SharePoint Online Data Resiliency

A key principle for SharePoint Online is to never have a single copy of any piece of data. SharePoint Online uses SQL Server replication, which is a set of technologies for copying and distributing data and database objects from one database to another, and then synchronizing between databases to maintain consistency.

For example, when a user saves a file in SharePoint Online, the file is chunked, encrypted, and stored within Azure Blob storage. Azure Blob service provides mechanisms to ensure data integrity both at the application and transport layers. This post will detail these mechanisms from the service and client perspective.
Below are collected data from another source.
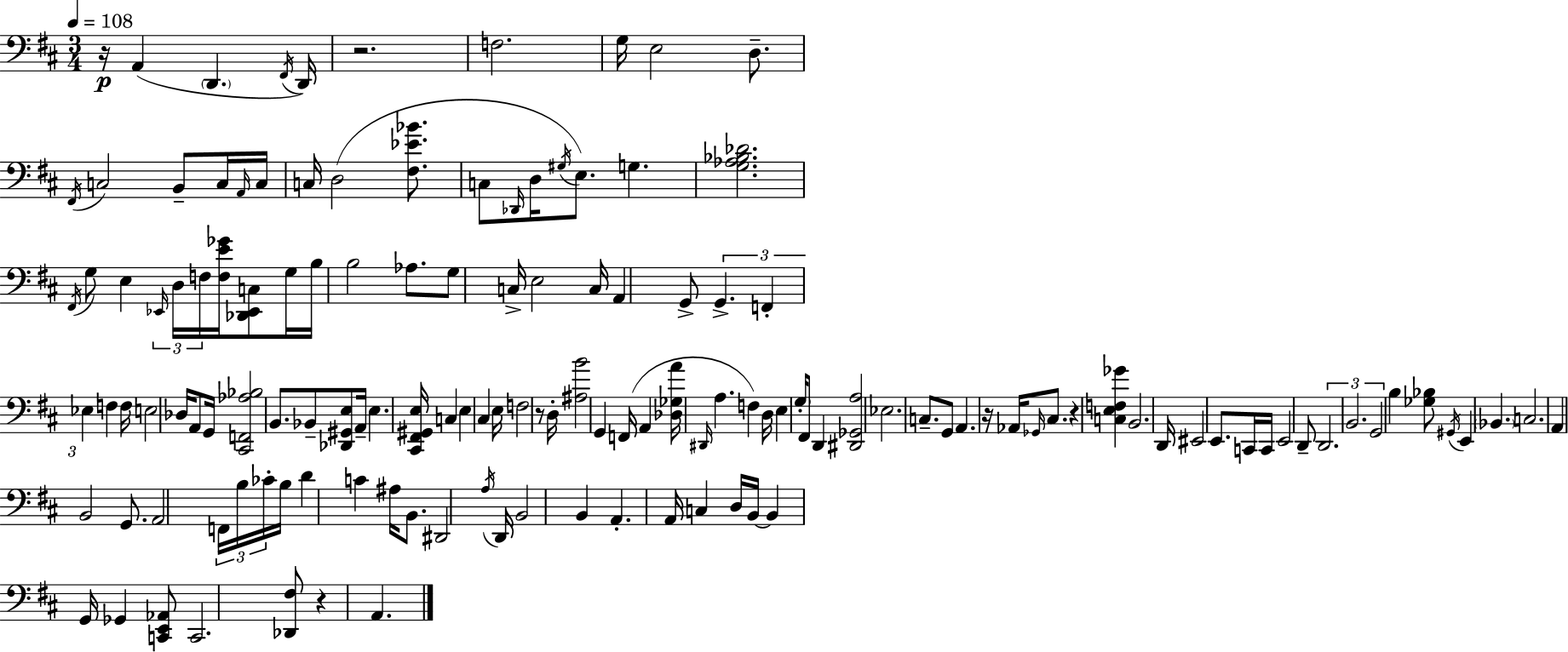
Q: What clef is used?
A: bass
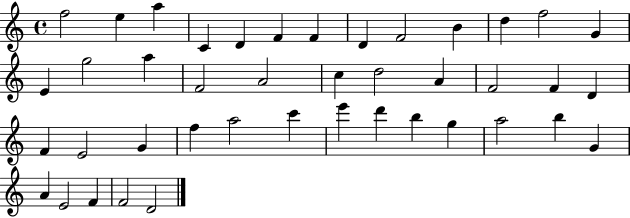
F5/h E5/q A5/q C4/q D4/q F4/q F4/q D4/q F4/h B4/q D5/q F5/h G4/q E4/q G5/h A5/q F4/h A4/h C5/q D5/h A4/q F4/h F4/q D4/q F4/q E4/h G4/q F5/q A5/h C6/q E6/q D6/q B5/q G5/q A5/h B5/q G4/q A4/q E4/h F4/q F4/h D4/h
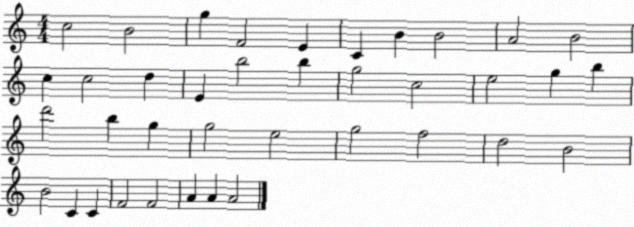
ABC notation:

X:1
T:Untitled
M:4/4
L:1/4
K:C
c2 B2 g F2 E C B B2 A2 B2 c c2 d E b2 b g2 c2 e2 g b d'2 b g g2 e2 g2 f2 d2 B2 B2 C C F2 F2 A A A2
MD5 checking is optional on both PUT and GET operations; however, it does provide a convenience facility to ensure data integrity across the network when using HTTP. Additionally, since HTTPS provides transport layer security additional MD5 checking is not needed while connecting over HTTPS as it would be redundant. Azure Blob service provides a durable storage medium, and uses its own integrity checking for stored data. The MD5's that are used when interacting with an application are provided for checking the integrity of the data when transferring that data between the application and service via HTTP.

To ensure data integrity the Azure Blob service uses MD5 hashes of the data in a couple different manners. It is important to understand how these values are calculated, transmitted, stored, and eventually enforced to appropriately design your application to utilize them to provide data integrity. For more information, see Windows Azure Blob MD5 Overview.

Metadata and pointers to the file are stored in a SQL Server database (the content database). All the chunks – files, pieces of files, and update deltas – are stored as blobs in Azure storage that are randomly distributed across multiple Azure storage accounts. The SQL database is hosted on a RAID 10 storage array which is synchronously mirrored to another RAID 10 storage array in a separate rack within the same datacenter. Asynchronous log shipping is then used to replicate the data to another RAID 10 storage array in a second datacenter. In addition to protecting data with RAID 10 and synchronous and asynchronous replication, scheduled data backups are taken which are also asynchronously replicated to the second datacenter.

In SharePoint Online, data backups are performed every 12 hours and retained for 14 days. SharePoint Online also uses a hot standby system that includes paired geographically-separate datacenters within the same customer data location region (for example, Chicago and San Antonio for customers who have provisioned their tenant in the United States) configured as active/active. For example, there are live users that have Chicago as their primary datacenter and San Antonio as a failover datacenter, and live users that have San Antonio as their primary datacenter and Chicago as their failover datacenter.